What does "low-fat" mean?
Low-fat foods are foods in which 30% or fewer of the calories in a serving are from fat. Yeah, that's a head-scratcher, huh? To figure it out, read the nutrition label on the package. First, find the total number of calories in a serving. Second, find total number of calories from fat. If the second number is 30% of the first (or less) you've got low-fat! That doesn't mean you can go on a low-fat binge! You lose weight by eating fewer calories than you burn. Fats contain humongous amounts of calories-9 per gram! When you eat less fat, you reduce a risk factor for disease, but it's no guarantee you'll lose weight. The key is to look at your diet as a whole, and find out where those calories are coming from. And don't forget that the amount of exercise you get is just as important as what you eat.

Protein for Running

As you exercise and eat right, you'll feel your body getting stronger. Why? Because of the protein you eat. Protein builds strength in your muscles and tendons, and helps them stay healthy. It also provides energy-4 calories per gram. Meats, eggs, beans and nuts are common examples of foods that contain significant amounts of protein. Experts agree that runners need 10 to 20% of their daily calories from protein. However, most people eat two to three times their protein requirement each day! So many burgers, so little time!


Like the surface of planet earth, your body is mostly water-between 60 and 70%. Although water does not provide any energy (or calories), your body requires large amounts of H2O in order to function properly. Water regulates the core temperature of your body. As you run, your working muscles produce large amounts of heat that must be dissipated to prevent the core temperature from rising dangerously. To dissipate this heat, your body perspires, and loses large amounts of water. As a runner, you should consistently hydrate yourself during both warm and cold weather, so that you never become thirsty. By the time your thirst mechanism is activated, your body is already suffering from dehydration-hurting your running and putting you at risk. You know you're drinking enough water if you urinate about once an hour and your urine is clear. So-gurgle gurgle-drink lots of water, okay?

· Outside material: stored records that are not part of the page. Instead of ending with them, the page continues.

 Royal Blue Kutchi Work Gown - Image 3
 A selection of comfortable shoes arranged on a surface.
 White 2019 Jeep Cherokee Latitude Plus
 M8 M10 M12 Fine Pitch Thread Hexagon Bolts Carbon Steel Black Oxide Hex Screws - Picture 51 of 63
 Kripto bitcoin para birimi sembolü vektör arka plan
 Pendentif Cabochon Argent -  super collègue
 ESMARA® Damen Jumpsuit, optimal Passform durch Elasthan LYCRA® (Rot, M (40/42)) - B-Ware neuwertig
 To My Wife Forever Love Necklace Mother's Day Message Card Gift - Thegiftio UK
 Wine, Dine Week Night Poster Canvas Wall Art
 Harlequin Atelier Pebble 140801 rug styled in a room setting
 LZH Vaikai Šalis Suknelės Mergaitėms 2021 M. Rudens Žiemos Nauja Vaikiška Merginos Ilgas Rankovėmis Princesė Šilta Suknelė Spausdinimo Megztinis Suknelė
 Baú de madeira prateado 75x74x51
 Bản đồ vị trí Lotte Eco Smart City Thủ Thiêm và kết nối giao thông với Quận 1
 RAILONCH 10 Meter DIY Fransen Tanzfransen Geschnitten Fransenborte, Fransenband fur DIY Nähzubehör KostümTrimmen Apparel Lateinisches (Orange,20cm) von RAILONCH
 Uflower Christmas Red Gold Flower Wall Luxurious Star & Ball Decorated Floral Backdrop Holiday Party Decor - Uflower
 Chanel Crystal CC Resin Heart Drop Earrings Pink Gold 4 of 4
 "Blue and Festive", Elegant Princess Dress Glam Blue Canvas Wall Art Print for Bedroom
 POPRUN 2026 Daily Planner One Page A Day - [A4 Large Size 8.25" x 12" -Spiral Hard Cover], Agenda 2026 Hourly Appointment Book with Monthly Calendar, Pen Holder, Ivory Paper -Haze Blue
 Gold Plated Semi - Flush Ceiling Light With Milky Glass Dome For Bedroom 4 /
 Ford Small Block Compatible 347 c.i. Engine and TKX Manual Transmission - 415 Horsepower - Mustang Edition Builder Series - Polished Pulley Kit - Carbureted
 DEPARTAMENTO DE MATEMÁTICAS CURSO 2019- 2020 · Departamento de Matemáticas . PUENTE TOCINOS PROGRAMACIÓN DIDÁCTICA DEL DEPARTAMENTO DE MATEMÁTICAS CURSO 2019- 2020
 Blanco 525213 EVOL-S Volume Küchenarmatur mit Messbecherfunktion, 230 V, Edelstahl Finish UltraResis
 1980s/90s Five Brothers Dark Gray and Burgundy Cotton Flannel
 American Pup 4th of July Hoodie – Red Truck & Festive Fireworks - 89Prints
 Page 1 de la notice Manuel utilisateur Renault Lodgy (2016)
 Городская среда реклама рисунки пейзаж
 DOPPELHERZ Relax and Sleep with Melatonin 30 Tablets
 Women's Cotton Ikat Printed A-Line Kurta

Basic "on the run" nutrition and hydration guidelines

Consume 25-50g carbs 1-2 hours before exercise. Try an energy bar, bowl of cereal, bagel, fruit...your usual diet. Drink 8-16 oz. of water or combine with the above in a carbohydrate drink.

During run:
Consume 25g carbs for every 45 minutes of exercise. Go for a gel pack. They typically contain 25-30 grams and are easy to digest. Drink 4-8 oz. water or diluted sports drink for every 15 minutes of exercise.

Consume 25-50g carbs immediately after exercise. This can be a combination of food and drink. Of course, you will need to re-hydrate with water while eating an energy bar, bagel, or some form of carbohydrate. Or, you can drink 25-50 grams of carbohydrates in a sports drink if you have a hard time eating right after a workout. Begin drinking 16 oz. of water for every pound lost during exercise. Continue to drink water throughout the day. Consume another 25-50g carbs 30 minutes after exercise. Consume 50-100g carbs and 20-40g protein 1 hour after exercise. This is a good time to eat a well balanced, sit-down meal. Soup and a sandwich, salads, whatever suits your tastes. Chicken and tuna are great sources of protein. Consume 50-100g carbs per hour and 20-40g protein every 2 hours. Continue to do this for 6 hours after your run. You will find that by following this routine, especially on your long run days, you'll feel refreshed rather than exhausted after your workout.